We can recall among the selfish people of our acquaintance at least one common characteristic,—the conviction that they are different from other men and women, that they need peculiar consideration because they are more sensitive or more refined. Such people “refuse to be bound by any relation save the personally luxurious ones of love and admiration, or the identity of political opinion, or religious creed.” We have learned to recognize them as selfish, although we blame them not for the will which chooses to be selfish, but for a narrowness of interest which deliberately selects its experience within a limited sphere, and we say that they illustrate the danger of concentrating the mind on narrow and unprogressive issues.
We know, at last, that we can only discover truth by a rational and democratic interest in life, and to give truth complete social expression is the endeavor upon which we are entering. Thus the identification with the common lot which is the essential idea of Democracy becomes the source and expression of social ethics. It is as though we thirsted to drink at the great wells of human experience, because we knew that a daintier or less potent draught would not carry us to the end of the journey, going forward as we must in the heat and jostle of the crowd.
The six following chapters are studies of various types and groups who are being impelled by the newer conception of Democracy to an acceptance of social obligations involving in each instance a new line of conduct. No attempt is made to reach a conclusion, nor to offer advice beyond the assumption that the cure for the ills of Democracy is more Democracy, but the quite unlooked-for result of the studies would seem to indicate that while the strain and perplexity of the situation is felt most keenly by the educated and self-conscious members of the community, the tentative and actual attempts at adjustment are largely coming through those who are simpler and less analytical.
All those hints and glimpses of a larger and more satisfying democracy, which literature and our own hopes supply, have a tendency to slip away from us and to leave us sadly unguided and perplexed when we attempt to act upon them.
Our conceptions of morality, as all our other ideas, pass through a course of development; the difficulty comes in adjusting our conduct, which has become hardened into customs and habits, to these changing moral conceptions. When this adjustment is not made, we suffer from the strain and indecision of believing one hypothesis and acting upon another.

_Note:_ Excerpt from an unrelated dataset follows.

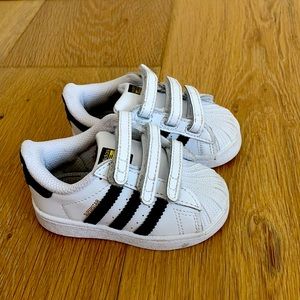 Size 5 baby adidas shoes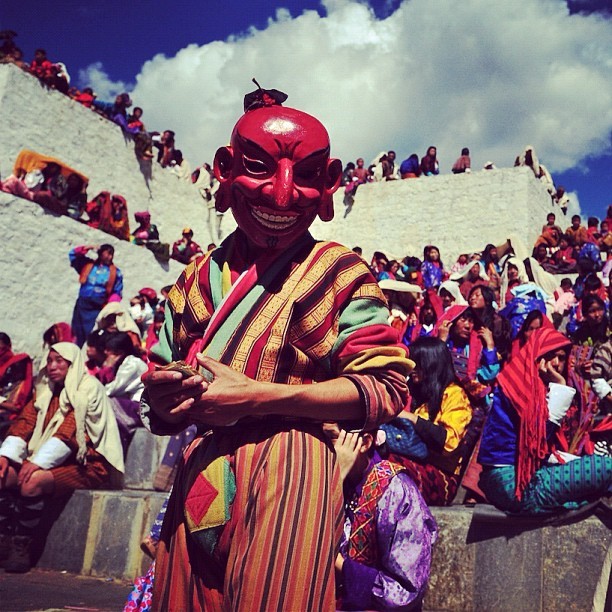 环球跑RunToWorld：奔跑在喜马拉雅山脉，2015第2届不丹马拉松定制团招募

Probably there is no relation in life which our democracy is changing more rapidly than the charitable relation—that relation which obtains between benefactor and beneficiary; at the same time there is no point of contact in our modern experience which reveals so clearly the lack of that equality which democracy implies. We have reached the moment when democracy has made such inroads upon this relationship, that the complacency of the old-fashioned charitable man is gone forever; while, at the same time, the very need and existence of charity, denies us the consolation and freedom which democracy will at last give.